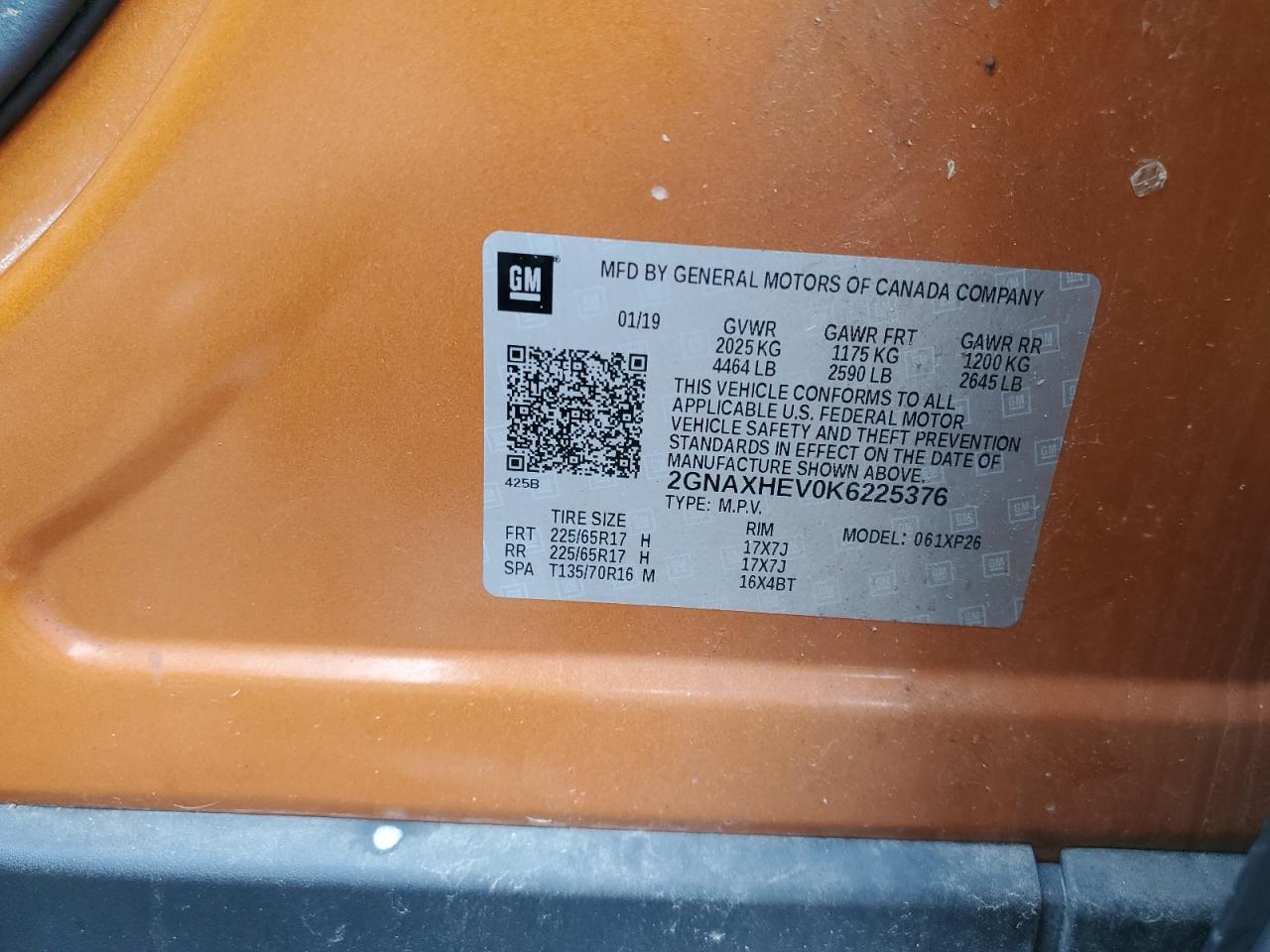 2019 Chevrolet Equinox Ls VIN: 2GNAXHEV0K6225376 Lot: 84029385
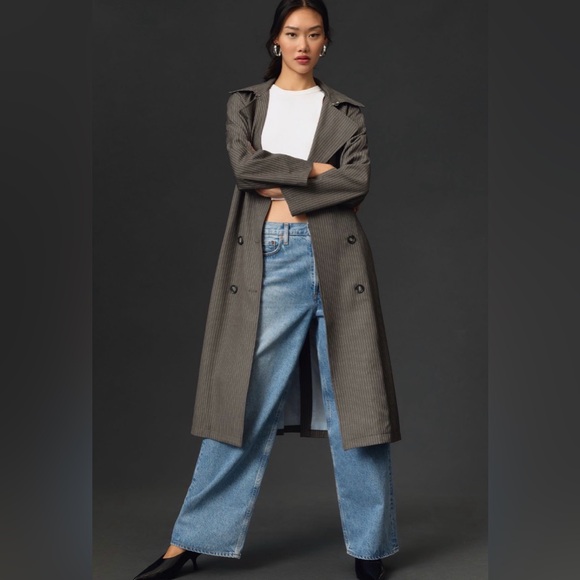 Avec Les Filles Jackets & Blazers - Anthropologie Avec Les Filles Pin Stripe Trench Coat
==
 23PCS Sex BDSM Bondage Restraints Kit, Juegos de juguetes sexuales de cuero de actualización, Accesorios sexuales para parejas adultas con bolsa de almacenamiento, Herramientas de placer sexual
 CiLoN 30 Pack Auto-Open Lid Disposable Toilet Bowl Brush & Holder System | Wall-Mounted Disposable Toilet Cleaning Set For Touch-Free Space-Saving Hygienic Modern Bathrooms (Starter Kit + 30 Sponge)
...
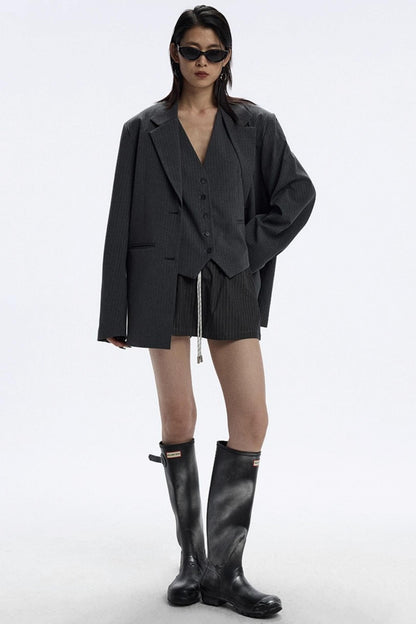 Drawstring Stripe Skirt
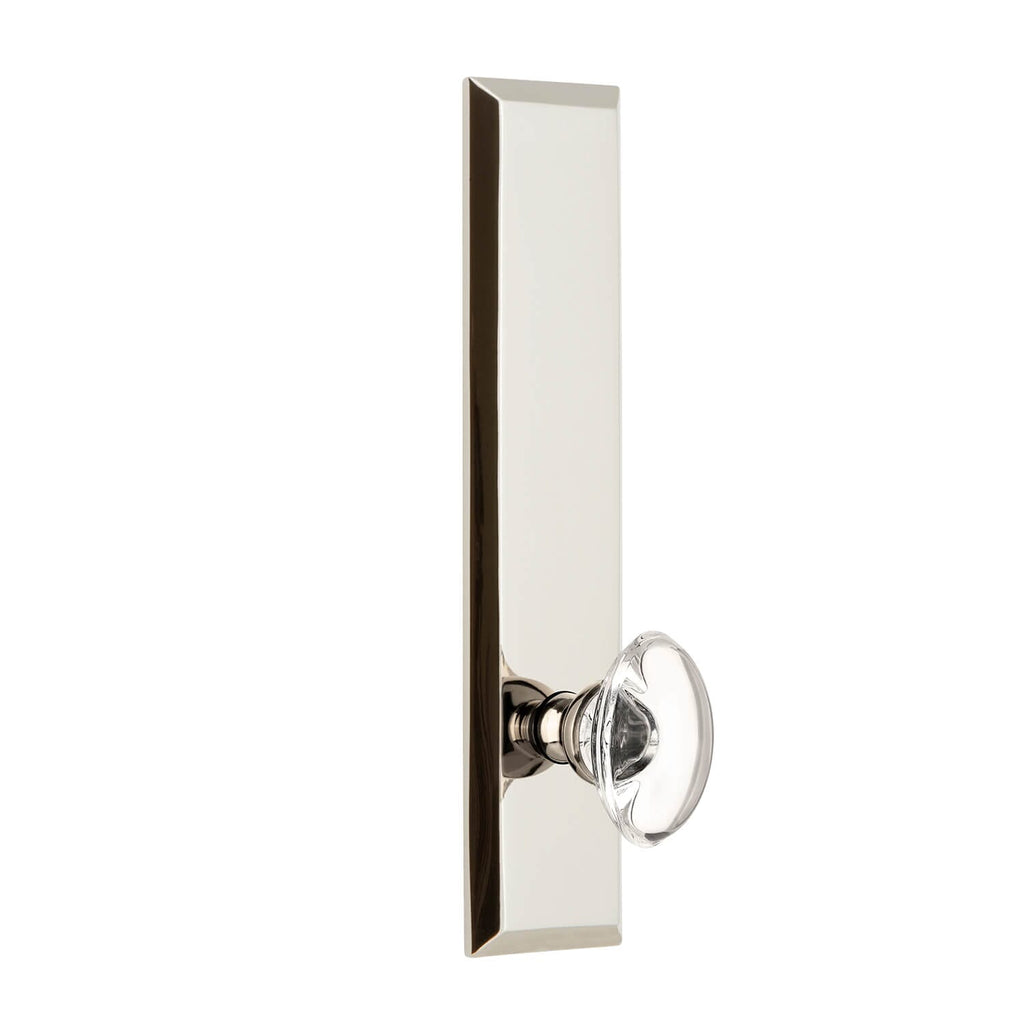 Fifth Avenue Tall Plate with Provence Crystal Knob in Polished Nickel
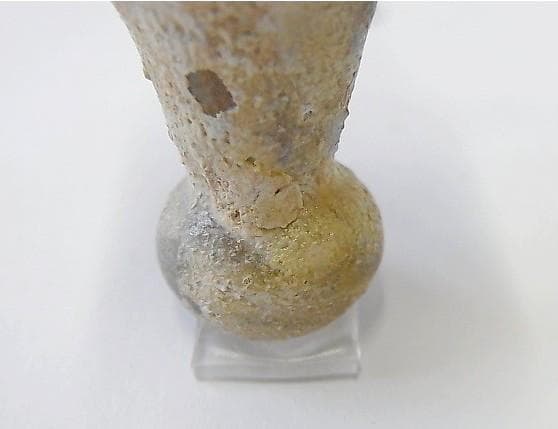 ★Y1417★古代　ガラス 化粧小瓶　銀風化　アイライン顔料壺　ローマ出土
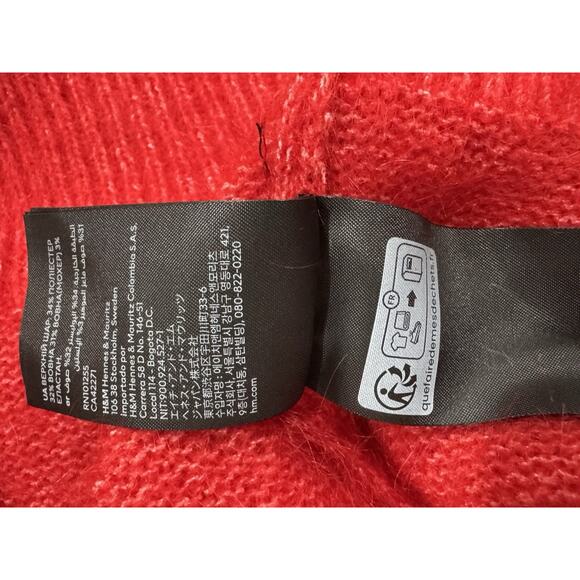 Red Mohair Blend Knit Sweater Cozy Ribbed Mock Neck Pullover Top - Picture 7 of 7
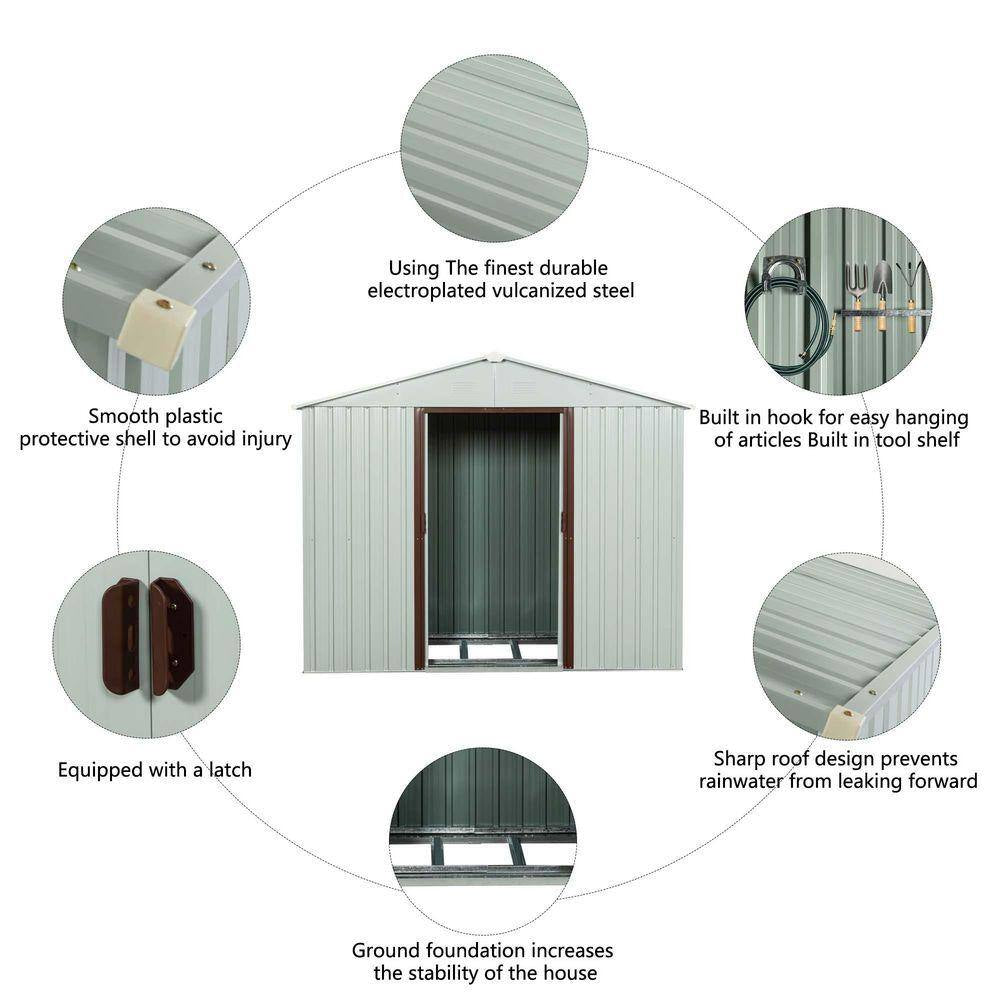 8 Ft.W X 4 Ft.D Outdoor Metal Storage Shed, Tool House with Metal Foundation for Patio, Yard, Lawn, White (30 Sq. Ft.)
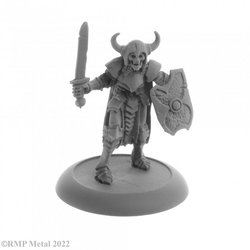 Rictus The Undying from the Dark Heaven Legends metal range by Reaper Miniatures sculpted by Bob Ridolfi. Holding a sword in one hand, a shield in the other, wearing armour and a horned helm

:: Instructions to follow ::
Output exactly the stretch of the listing that begins at the line containing "8 Ft.W X 4 Ft.D" and ends at the line containing "Rictus The Undying", both kept. Omit pictures and everything else.

:: Answer to the problem ::
 8 Ft.W X 4 Ft.D Outdoor Metal Storage Shed, Tool House with Metal Foundation for Patio, Yard, Lawn, White (30 Sq. Ft.)
 Rictus The Undying from the Dark Heaven Legends metal range by Reaper Miniatures sculpted by Bob Ridolfi. Holding a sword in one hand, a shield in the other, wearing armour and a horned helm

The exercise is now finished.